Do You Practice Medical Self-Care?
Something not frequently addressed by the survival and prepping community is the importance of good health and medical self-care. What I am referring to is individual responsibility for our own physical and mental wellness.
Why is this important? If there were to be a major disruptive event, whether local, regional or global in nature, you will need the stamina to survive adverse and even austere conditions, perhaps with minimal food, shelter, and water. Health care facilities may be scarce if they exist at all.
Think about it. As much as we prep and do our best to store a year’s worth of food and supplies, how much attention do we actually pay to take care of ourselves and staying informed of medical issues and topics? For most of us, I can pretty much guarantee that food, water, and supplies come first, closely followed by bullets and band-aids.
In a very worst case scenario, would you have the stamina and health to leave the comfort of your home with only the clothes on your back, a bug-out-bag and whatever else you could physically carry? Answer honestly. Are you healthy enough to do that?
Even if you were not required to leave your home, would you have the mental acuity to handle the challenge of no electricity, no running water, and no sewer or septic system for waste?
I ask these questions today not to chide you to lose ten pounds or to take on a rigorous exercise routine. Instead, I ask them so that you will think about your own health in terms of those things you can do now to become accomplished at medical self-care so that you will stay healthy and stay fit even when professional medical care is not readily available.
But first, let us define medical self-care.
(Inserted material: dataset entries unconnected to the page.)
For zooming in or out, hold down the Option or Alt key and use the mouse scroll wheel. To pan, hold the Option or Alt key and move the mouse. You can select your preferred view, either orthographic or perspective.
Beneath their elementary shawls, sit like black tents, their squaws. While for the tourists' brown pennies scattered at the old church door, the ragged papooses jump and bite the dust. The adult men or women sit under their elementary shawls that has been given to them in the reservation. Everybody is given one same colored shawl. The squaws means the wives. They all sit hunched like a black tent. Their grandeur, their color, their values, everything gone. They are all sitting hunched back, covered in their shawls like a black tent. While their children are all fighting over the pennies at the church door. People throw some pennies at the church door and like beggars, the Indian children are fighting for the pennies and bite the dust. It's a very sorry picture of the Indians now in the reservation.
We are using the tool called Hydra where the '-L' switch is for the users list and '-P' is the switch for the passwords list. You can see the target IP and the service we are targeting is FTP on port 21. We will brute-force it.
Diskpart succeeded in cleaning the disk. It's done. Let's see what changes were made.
What the Heck is Medical Self-care?
Medical self-care is defined as those things that individuals do to deal with minor illness and injuries at home, including preventing, detecting, and treating sickness and disease. Nothing weird, nothing “out there”. Instead, medical self-care refers to making an attempt to initially take hold of and treat minor healthcare issues yourself.
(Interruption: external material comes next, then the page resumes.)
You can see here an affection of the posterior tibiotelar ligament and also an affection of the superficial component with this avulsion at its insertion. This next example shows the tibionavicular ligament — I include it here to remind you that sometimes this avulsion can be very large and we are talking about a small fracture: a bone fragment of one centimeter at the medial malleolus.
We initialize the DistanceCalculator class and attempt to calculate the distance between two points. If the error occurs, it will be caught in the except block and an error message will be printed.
Or, put another way, simply asking yourself if you need to see a healthcare provider or whether you can you apply a home treatment instead. Medical self-care can be as simple as taking an over-the-counter medication for a headache, using essential oils to relieve minor aches and pains, or securing a sprained ankle with an ace bandage.
Most important, medical self-care means you are an active participant in your own health. And for that, you need to take a proactive stance and take control over your own well-being.
8 Rules of Medical Self-Care that will Ensure Survival in Adverse Conditions
1. Listen to your body since you know yourself best. When you do not feel well, take care of yourself.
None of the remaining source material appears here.